Euroart

Summer 2008

Interview with Kubilay Akman for www.euroartmagazine.com

With your own expression, “contortion, collapsibility and modes of idea production” have been a crucial concept for your art. Can you explain please, how did you realize this concept in your projects?

When i started Ananatural Production in 2003 one of my main interests was multitasking, multitasking as a manifestation of Deleuzian interconnectedness, and all terrain, all range activity. Contortion and collapsibility are I think good examples of this multitasking, both as system and a methodology. I have always been fascinated by contortion and collapsibility, not just as displays of flexibility and efficiency but also in their playfulness and the immense freedom thy offer. There is a loss of "figurative" in contortion, it implies becoming and transmuting, a real physical and conceptual alchemy. It is something that I apply to all of my projects, from the initial idea to the manifestation of it, like taking an idea for a ride, a rollercoaster, taking it from spark to product to quality control. So all the projects produced, starting with the AP mail order catalogues to videos, products and services go through this process of contortion and collapsibility.

Can we consider your artistic perspective as a critique against the everyday life circles in which modern individuals are alienated?

I am quite weary of the term CRITIQUE, it rings negative and distant, too close to "critical", but luckily not too far from cricket! Of course I try to be analytical and discerning, and I think being a contemporary artists requires being professionally aware and conscious of the contemporary world one lives in, of being present. Regarding “against the everyday”, I am a big fan of Martha Stewart, I think she is someone who has brought back the decorative as comfort, and DIY which is something I am very interested in, it has to do with daily practice, along the lines of Huizinga and Caillois writing on play, game, ritual... EVERYDAY is her brand, which I find fascinating, almost revolutionary, a very persistent, global brand that tries to act as a remedy against alienation. I guess all brands aim to do that, Ananatural Production included! Here at AP we aim to fight alienation and suffering and to bring joy and wonder.

You are coming from an artist family and your parents are talented artists who opened new horizons in Singapore, in Yugoslavia and in global art world. What are their influences over your artistic style?

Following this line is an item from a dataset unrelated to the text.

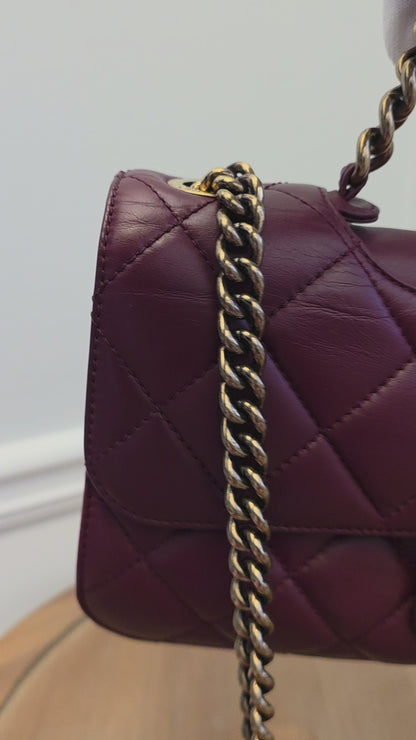 Chanel Burgundy Lambskin Quilted Flap Bag with Aged Gold Hardware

I am very lucky to come from the family that I come from. Besides being extremely fun and entertaining, it is also a serious support system that encourages and nurtures me. Obviously my parents come from a different generation and their work is different from mine, however they have installed and stimulated some core values that inform my work. Besides taking me to all the museums and galleries (and parties!) since I was born, they have taught me the importance of system and methodology, the discipline required for professional art practice, they have been in it for the long run! It gives me a certain comfort, I do not feel so much the pressure and the stress to "make it", to be a seasonal star which seems to be an acute side effect of working in the art world today. Of course it gets to me and I get greedy just like everyone else but it does give me a perspective. It is about endurance, and the fact that art making should, and can be integrated into ones life in a balanced and meaningful way. It is very wholesome!

You have been in collaboration with Marina Abramovic for your new project. Can you tell us please the concept and details of the Money Mountain?

Working with Marina is amazing, it is like being hugged by history and getting catapulted into the future yet being grounded, and she does that in the most nurturing and generous of ways. She has been curating a series of performances for Artists Space, titled “When time becomes form”, inviting artists to work with durational pieces and she invited me to do something, we were on a panel together last year and have been in dialogue for a while. She was interested in the Money Laundering performance I previously did for Art in General show at the UBS bank and I have wanted to take it further so this was the perfect situation to evolve the piece. It was the first time for me to do a performance for 8 hours straight, 5 days continuously; it was a real taste of endurance! The initial idea, literally laundering money which I did daily for three months a couple of hours a day in the lobby of a major bank, was developed for an art gallery over five days. I also wanted to push further this idea of money as material, and a sort of tribute to uncle Scrooge, those wild, almost bucolic images of him diving through money. I want to make a situation that demystifies and re-romanticizes banking, a return to idyllic, sincere, authentic home economics. It is said that Scrooge had three cubic acres of money, it is also said that “he could no longer sleep at night because all the money he was storing under his mattress raised his bed too close to the ceiling, necessitating a more suitable storage facility for his money”. I used the entire budget as volume, making a mini mountain, which even included a bed, we took turns resting! In a sense the piece became magnified and intensified. It was also interesting to have assistants (fellow performers who volunteered) who became collaborators, to see them engage with the audience and assimilate and percolate the situation. One of the performers, Adina Bier, turned out to be an amazing knitter so we decided she should knit one to one money, which then evolved into money cozies, they were a great hit!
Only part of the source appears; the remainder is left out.